Background: The infant room is separated by a half wall. They usually let the tiny babies sleep back there in bouncy seats or pillow pods so the bigger babies don't mess with them. When my mom got there today, the remaining toddlers and infants were combined, and one of the teachers from the toddler room was in there. Abigail was alone on the other side of the wall, separated from the other babies, crying hysterically, with no toys, in the dark. When my mom questioned it, the teacher said its a policy to separate infants and toddlers. We've been going there 3x/week since January, and the infants and toddlers are combined in the morning and evening every day. I've never seen a baby isolated like this before, and I just think it's really cruel. Especially because Abigail is not a tiny newborn. She's 21 lbs and walking FFS, and we're talking about 1 year old toddlers.
So here's the email from my mom. What are your all's thoughts on this? Any advice on how to handle it? Thanks.
Katie,
I picked up Abigail today around 5 pm and was distressed to see her isolated in the play area with the fence. The light was off and she was standing at the gate crying her eyes out. When I questioned the worker as to why she was isolated form the other babies, she said it was because they have a rule if there are toddlers in the room, they isolate the crawlers. This makes no sense, because Abigail is the same size as the babies in the room. If she were to get hurt by one of them, they could just as easily hurt her, crawling. Not to mention. the lights being off. Usually, she is pretty happy when we pick her up.
Mom
Re: Daycare grievance. WWYD?
ETA: Meant to say that I agree, what you described does sound horrible and not normal. You have every right to question wth was going on.
The separation of infants and toddlers doesn't actually go by age. There are 14 month olds still in the infant room every day with her. The criteria for moving to the toddler room is that the baby is both walking and off the bottle.
I don't plan on going in there guns blazing, but I really am pretty fired up right now.
2.) why were the lights off? In the infant room the lights are never off unless it's a lockdown drill
3.) the separation of infants and toddlers is pretty common but it's usually based on skill set not age, so she should be fine to hang with the todds
#Bodymber14 #Bodygate #itsMillerTime
Bradley 05-04-11 & Tyler 06-18-13
#Bodymber14 #Bodygate #itsMillerTime
Bradley 05-04-11 & Tyler 06-18-13
DH: 35
DD #1: 6/1/2013
EDD #2: 6/7/2017
I'm going to snowball off @elmoali 's comment with a personal anecdote...

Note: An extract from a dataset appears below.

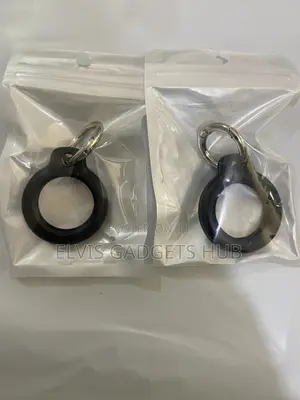 Airtag Cover Loop With Keychain Ring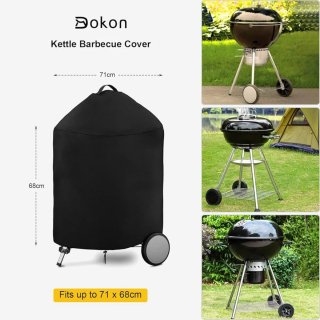 Copertura barbecue rotondo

I witnessed a child left alone, outside on a playground. I was walking in and a teacher was like running in, I said "you're going the wrong way!" and she kept saying "there's a kid on the playground"...there was a little girl, all alone on the playground outside. I go inside and the teacher tells the director and I pick up my kids and go home. Not 30 minutes later, I get a call from the area director (who was also there) explaining to me that 2 teachers were let go as a result of the incident and how they have policies in place to ensure things like that don't happen.
If that had been my kid I would have flipped, but the way they handled it made me realize that our daycare is highly professional. I don't think that the teacher's decision is necessarily a reflection of the school's performance. I think @kentuckykate 's e-mail is perfect and the way that the school responds will be telling of the quality of childcare her LO is really receiving.